* **Dataset section**:

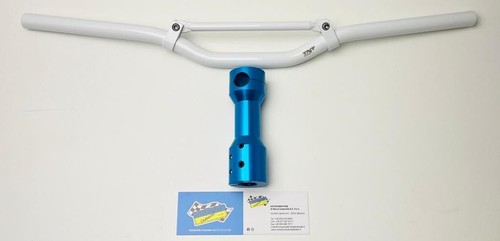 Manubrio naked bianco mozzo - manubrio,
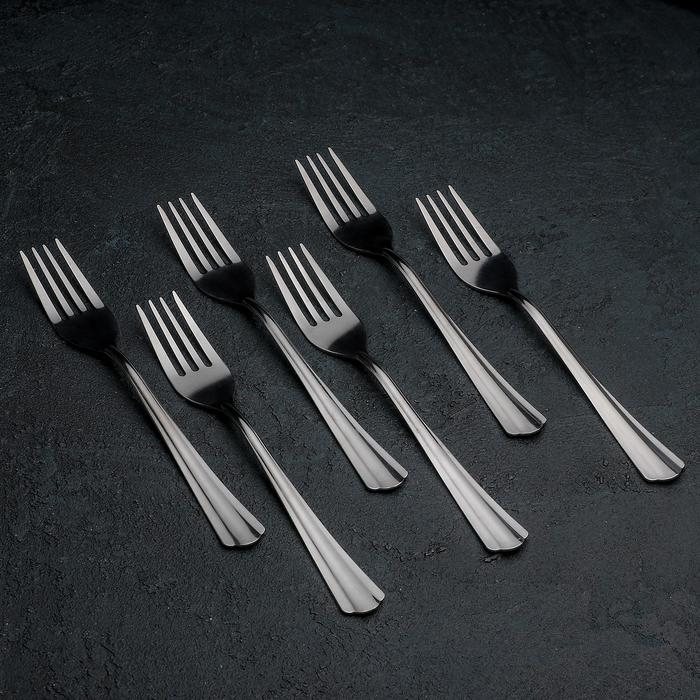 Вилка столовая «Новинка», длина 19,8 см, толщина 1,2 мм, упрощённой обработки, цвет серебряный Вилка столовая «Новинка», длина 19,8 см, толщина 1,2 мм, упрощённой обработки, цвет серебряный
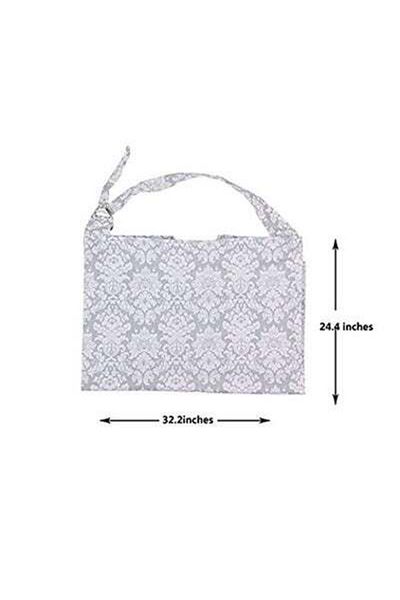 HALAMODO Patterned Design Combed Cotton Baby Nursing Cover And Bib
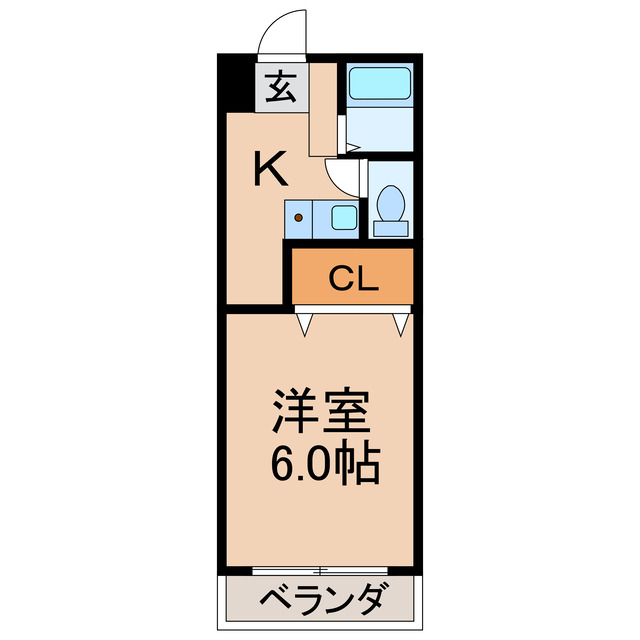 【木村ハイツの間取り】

* **Exercise prompt**:
Restate the lines above exactly, from the one bearing "HALAMODO Patterned Design" through the final line of the material, both included, omitting pictures.

* **Solved exercise**:
 HALAMODO Patterned Design Combed Cotton Baby Nursing Cover And Bib
 【木村ハイツの間取り】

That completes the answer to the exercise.